Starwood Outshines Industry Rivals
How hot can
Starwood
(HOT)
get?
On Wednesday, UBS upgraded the hotelier to neutral from reduce, becoming the fourth Wall Street brokerage to increase its rating on the company since Starwood released earnings and raised guidance six days ago. But with Starwood shares up nearly 10% since that earnings release, valuation is rapidly becoming a concern and shares were virtually unchanged on the news, gaining 3 cents, or 0.1%, to $38.27.
, None of the hotel operators which released fourth-quarter earnings over the last two weeks have been as bullish as Starwood, which topped analyst earnings per share targets by 10 cents and raised 2004 EPS guidance to $1.10, well above Wall Street's consensus at the time. At the core of Starwood's optimism is the return of the lucrative business traveler to upscale properties like the W hotels chain and mass market Sheraton brand.
Wall Street analysts rushed to upgrade the company's stock and boost EPS estimates. On the day of its earnings release, Fulcrum Global Partners boosted its rating to buy. The following day, Harris Nesbitt Burns raised its opinion to outperform while Morgan Stanley moved its rating to underweight. Eighteen of the 21 analysts who cover Starwood raised their 2004 EPS estimates by an average of 15 cents. All told, nine analysts now rate Starwood a buy, with 11 at hold and just one at sell.
While rivals have been making some noise about seeing the beginnings of a business travel recovery, none have been able to surpass Wall Street's optimistic estimates. Along with their earnings releases,
Hilton
(HLT) - Get Report
said it would have a "comparatively challenging first quarter" and lowered guidance below expectations while
Marriott
(MAR) - Get Report
said earnings would be relatively in line.
Is Starwood Expensive or Cheap?
The end result is that Starwood has emerged as a Wall Street darling, but a closer look shows that shares may be getting pricey when viewed on a price-to- earnings basis, especially given that Starwood is alone in seeing the strong business travel recovery.
Starwood's price to 2004 EPS estimate is just over 35, higher than both Hilton and Marriott.
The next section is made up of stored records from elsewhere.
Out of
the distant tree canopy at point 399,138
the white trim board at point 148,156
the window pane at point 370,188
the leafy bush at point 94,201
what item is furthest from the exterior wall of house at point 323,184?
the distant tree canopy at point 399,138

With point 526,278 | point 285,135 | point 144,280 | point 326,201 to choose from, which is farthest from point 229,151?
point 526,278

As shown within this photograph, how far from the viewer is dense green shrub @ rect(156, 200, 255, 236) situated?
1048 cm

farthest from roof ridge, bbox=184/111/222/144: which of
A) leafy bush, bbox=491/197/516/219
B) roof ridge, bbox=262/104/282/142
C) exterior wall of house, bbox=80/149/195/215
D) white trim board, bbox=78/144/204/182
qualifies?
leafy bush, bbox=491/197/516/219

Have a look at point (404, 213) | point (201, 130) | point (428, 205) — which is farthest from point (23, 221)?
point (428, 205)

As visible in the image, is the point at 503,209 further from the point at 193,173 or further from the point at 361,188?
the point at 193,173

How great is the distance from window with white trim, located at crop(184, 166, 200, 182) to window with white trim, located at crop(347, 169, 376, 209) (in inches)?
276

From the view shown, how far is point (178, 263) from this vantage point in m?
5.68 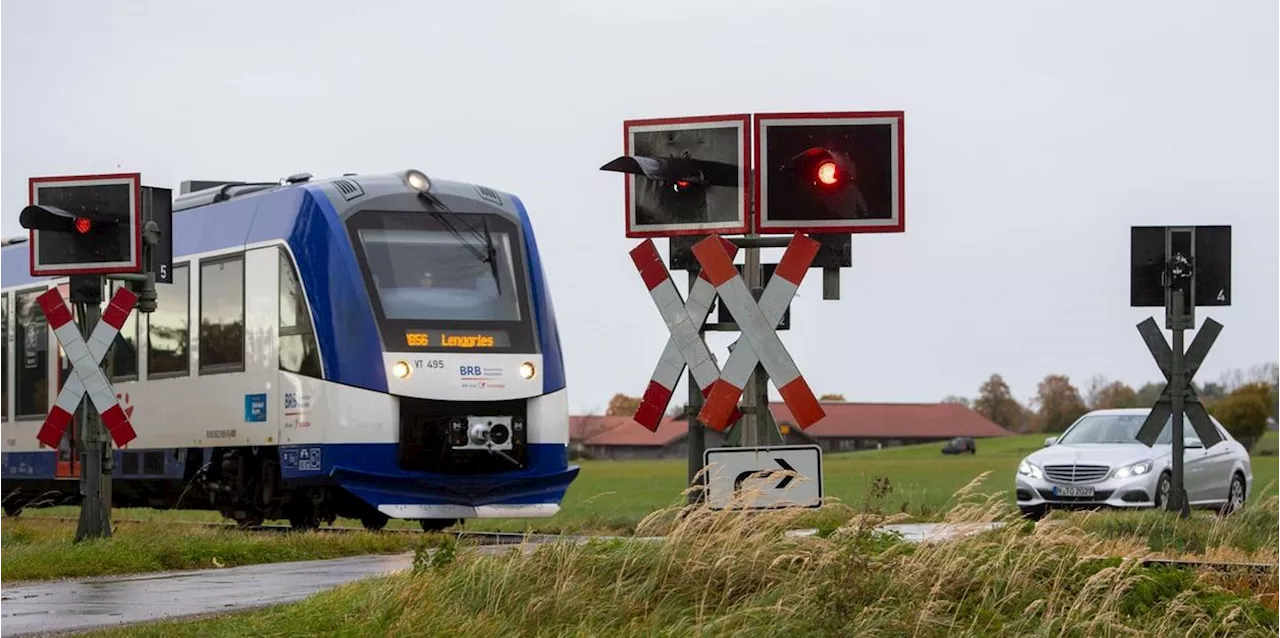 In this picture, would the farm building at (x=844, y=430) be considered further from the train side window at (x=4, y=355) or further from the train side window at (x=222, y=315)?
the train side window at (x=222, y=315)

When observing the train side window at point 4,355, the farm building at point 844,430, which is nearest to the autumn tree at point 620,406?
the farm building at point 844,430

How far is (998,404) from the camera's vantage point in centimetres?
17000

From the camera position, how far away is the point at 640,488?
54.6 m

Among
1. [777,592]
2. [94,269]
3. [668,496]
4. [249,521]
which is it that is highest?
[94,269]

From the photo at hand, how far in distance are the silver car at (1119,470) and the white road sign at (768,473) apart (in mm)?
13812

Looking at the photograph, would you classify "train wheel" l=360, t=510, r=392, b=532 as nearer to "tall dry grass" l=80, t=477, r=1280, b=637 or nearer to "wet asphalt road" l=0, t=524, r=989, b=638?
"wet asphalt road" l=0, t=524, r=989, b=638

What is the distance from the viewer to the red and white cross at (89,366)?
17719mm

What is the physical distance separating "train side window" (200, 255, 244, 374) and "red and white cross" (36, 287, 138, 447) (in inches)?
123

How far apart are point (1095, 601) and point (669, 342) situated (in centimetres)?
272

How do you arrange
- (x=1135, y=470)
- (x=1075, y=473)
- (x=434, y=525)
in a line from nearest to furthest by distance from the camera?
(x=434, y=525) < (x=1135, y=470) < (x=1075, y=473)

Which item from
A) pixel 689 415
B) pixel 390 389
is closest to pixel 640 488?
pixel 390 389

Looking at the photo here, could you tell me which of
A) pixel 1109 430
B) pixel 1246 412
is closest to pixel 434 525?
pixel 1109 430

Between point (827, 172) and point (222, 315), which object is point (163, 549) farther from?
point (827, 172)

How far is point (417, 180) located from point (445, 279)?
1.13 meters
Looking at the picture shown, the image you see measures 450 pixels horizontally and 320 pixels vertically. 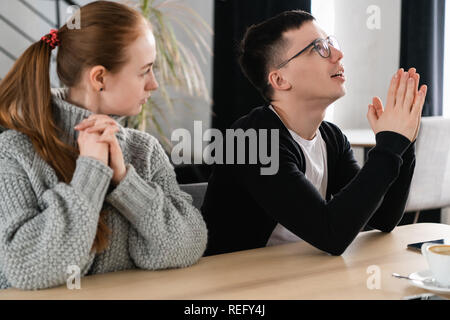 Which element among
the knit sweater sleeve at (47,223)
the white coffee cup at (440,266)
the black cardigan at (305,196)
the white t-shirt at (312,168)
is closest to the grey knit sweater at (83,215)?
the knit sweater sleeve at (47,223)

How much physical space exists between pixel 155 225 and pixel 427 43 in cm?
325

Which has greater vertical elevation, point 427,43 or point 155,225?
point 427,43

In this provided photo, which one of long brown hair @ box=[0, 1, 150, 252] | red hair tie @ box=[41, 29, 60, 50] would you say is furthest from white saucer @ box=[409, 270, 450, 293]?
red hair tie @ box=[41, 29, 60, 50]

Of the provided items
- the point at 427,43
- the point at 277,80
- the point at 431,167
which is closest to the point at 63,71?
the point at 277,80

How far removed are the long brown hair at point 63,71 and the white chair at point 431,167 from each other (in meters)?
2.00

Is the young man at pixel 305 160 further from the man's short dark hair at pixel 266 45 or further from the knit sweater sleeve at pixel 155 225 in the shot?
the knit sweater sleeve at pixel 155 225

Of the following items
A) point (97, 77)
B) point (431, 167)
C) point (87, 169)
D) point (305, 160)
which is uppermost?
point (97, 77)

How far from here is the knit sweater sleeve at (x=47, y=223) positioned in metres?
0.92

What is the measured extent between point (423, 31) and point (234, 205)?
288cm

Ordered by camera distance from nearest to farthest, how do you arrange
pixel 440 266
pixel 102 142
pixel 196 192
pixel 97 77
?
pixel 440 266 → pixel 102 142 → pixel 97 77 → pixel 196 192

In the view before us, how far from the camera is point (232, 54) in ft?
13.1

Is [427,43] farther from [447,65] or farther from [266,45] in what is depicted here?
[266,45]

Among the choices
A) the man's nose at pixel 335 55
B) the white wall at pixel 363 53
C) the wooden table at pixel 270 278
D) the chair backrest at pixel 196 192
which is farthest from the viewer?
the white wall at pixel 363 53

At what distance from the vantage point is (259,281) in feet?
3.15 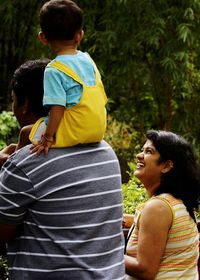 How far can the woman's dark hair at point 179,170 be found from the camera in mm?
2951

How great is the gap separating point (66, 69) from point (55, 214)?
1.49 feet

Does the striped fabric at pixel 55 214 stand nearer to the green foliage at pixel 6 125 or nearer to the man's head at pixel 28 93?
the man's head at pixel 28 93

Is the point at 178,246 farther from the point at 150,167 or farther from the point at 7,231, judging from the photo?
the point at 7,231

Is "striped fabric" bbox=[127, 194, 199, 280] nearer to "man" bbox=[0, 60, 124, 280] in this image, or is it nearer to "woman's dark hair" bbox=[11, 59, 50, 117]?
"man" bbox=[0, 60, 124, 280]

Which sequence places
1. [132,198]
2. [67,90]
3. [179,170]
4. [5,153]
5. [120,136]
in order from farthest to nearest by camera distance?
[120,136] → [132,198] → [179,170] → [5,153] → [67,90]

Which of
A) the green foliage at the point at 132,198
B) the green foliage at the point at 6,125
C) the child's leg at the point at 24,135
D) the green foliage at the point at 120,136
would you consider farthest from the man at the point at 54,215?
the green foliage at the point at 120,136

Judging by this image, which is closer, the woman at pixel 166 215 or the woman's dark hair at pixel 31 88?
the woman's dark hair at pixel 31 88

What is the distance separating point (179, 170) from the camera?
299cm

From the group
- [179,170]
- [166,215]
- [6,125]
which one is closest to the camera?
[166,215]

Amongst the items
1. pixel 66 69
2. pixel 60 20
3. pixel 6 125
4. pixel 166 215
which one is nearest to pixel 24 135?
pixel 66 69

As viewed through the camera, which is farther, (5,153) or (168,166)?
(168,166)

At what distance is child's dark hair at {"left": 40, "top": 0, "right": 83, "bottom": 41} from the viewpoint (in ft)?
7.55

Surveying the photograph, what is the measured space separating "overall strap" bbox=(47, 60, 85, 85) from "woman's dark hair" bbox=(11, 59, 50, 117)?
7cm

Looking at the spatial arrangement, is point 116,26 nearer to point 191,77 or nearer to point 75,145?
point 191,77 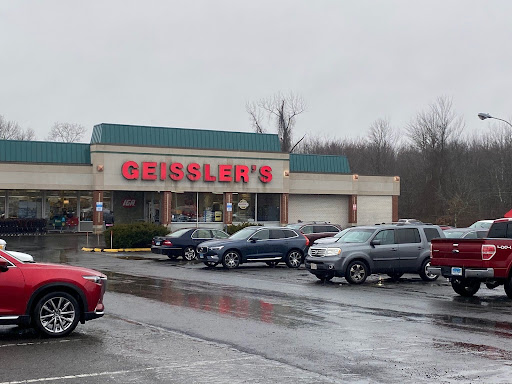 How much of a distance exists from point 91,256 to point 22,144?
1851 centimetres

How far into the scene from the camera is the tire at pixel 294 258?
26.8 m

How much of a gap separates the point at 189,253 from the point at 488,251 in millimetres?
16803

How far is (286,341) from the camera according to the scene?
10.8m

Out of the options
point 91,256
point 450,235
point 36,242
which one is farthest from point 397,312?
point 36,242

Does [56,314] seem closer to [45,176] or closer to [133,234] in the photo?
[133,234]

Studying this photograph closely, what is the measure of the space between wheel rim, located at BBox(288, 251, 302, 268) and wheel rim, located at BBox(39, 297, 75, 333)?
644 inches

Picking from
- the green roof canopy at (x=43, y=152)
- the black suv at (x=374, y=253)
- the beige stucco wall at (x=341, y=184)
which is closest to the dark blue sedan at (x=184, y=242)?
the black suv at (x=374, y=253)

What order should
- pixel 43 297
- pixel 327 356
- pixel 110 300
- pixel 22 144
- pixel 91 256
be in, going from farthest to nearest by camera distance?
pixel 22 144
pixel 91 256
pixel 110 300
pixel 43 297
pixel 327 356

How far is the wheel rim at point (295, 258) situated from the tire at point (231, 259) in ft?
6.77

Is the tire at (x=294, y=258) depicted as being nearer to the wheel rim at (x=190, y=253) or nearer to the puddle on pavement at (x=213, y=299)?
the wheel rim at (x=190, y=253)

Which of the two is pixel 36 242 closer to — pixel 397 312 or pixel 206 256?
pixel 206 256

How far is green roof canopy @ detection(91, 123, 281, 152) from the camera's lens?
168 feet

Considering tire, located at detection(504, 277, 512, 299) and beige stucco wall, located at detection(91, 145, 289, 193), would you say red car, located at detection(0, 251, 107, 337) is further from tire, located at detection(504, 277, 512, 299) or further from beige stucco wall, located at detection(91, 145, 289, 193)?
beige stucco wall, located at detection(91, 145, 289, 193)

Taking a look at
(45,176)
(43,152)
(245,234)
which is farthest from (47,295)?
(43,152) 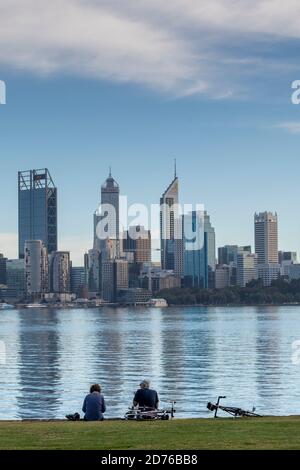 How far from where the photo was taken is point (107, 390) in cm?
5284

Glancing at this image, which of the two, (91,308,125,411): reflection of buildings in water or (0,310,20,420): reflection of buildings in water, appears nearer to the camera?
(0,310,20,420): reflection of buildings in water

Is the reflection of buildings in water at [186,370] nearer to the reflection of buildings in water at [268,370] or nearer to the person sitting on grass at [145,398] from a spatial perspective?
the reflection of buildings in water at [268,370]

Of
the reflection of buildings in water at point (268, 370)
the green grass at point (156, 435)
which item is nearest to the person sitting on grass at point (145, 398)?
the green grass at point (156, 435)

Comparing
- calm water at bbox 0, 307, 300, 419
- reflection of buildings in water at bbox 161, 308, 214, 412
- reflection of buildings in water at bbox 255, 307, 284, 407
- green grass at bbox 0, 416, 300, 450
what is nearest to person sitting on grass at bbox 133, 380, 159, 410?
green grass at bbox 0, 416, 300, 450

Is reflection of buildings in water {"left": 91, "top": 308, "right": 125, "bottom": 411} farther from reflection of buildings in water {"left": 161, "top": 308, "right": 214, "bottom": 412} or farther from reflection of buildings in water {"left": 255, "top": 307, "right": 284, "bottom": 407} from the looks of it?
reflection of buildings in water {"left": 255, "top": 307, "right": 284, "bottom": 407}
Using 2004 EPS estimates, the company's valuation is much higher than the 24.1 P/E multiple on the entire hotels sector and is also above its historical P/E of 26.5, according to
Bloomberg
.
But because hotel chains like Starwood own so much property that is subject to depreciation, Wall Street uses an earnings model based on price to EBITDA, or earnings before depreciation interest taxation and amortization. And on this basis, even given Starwood's recent rally, the stock trades just south of 12 times EBIDTA, but essentially in line with the sector as a whole.
"I think that Starwood is not as expensive as people think," said Will Marks, hotel analyst at JMP Securities, who upped his rating on three weeks before its earnings release having seen improving business trends. "If you take the value of assets that are not producing income into account -- and I say they've got $500 million not producing -- then Starwood is about 11 times EBIDTA. Hilton is cheaper at 10 times, but Marriott is at 12 times. I don't think it's off the charts expensive." (JMP Securities does not have any banking relationships with any of the hotels it covers.)
The Case For a Premium
In the end, Starwood may deserve a premium because its outperformance going forward is driven by company-specific issues, rather than a broader business travel recovery.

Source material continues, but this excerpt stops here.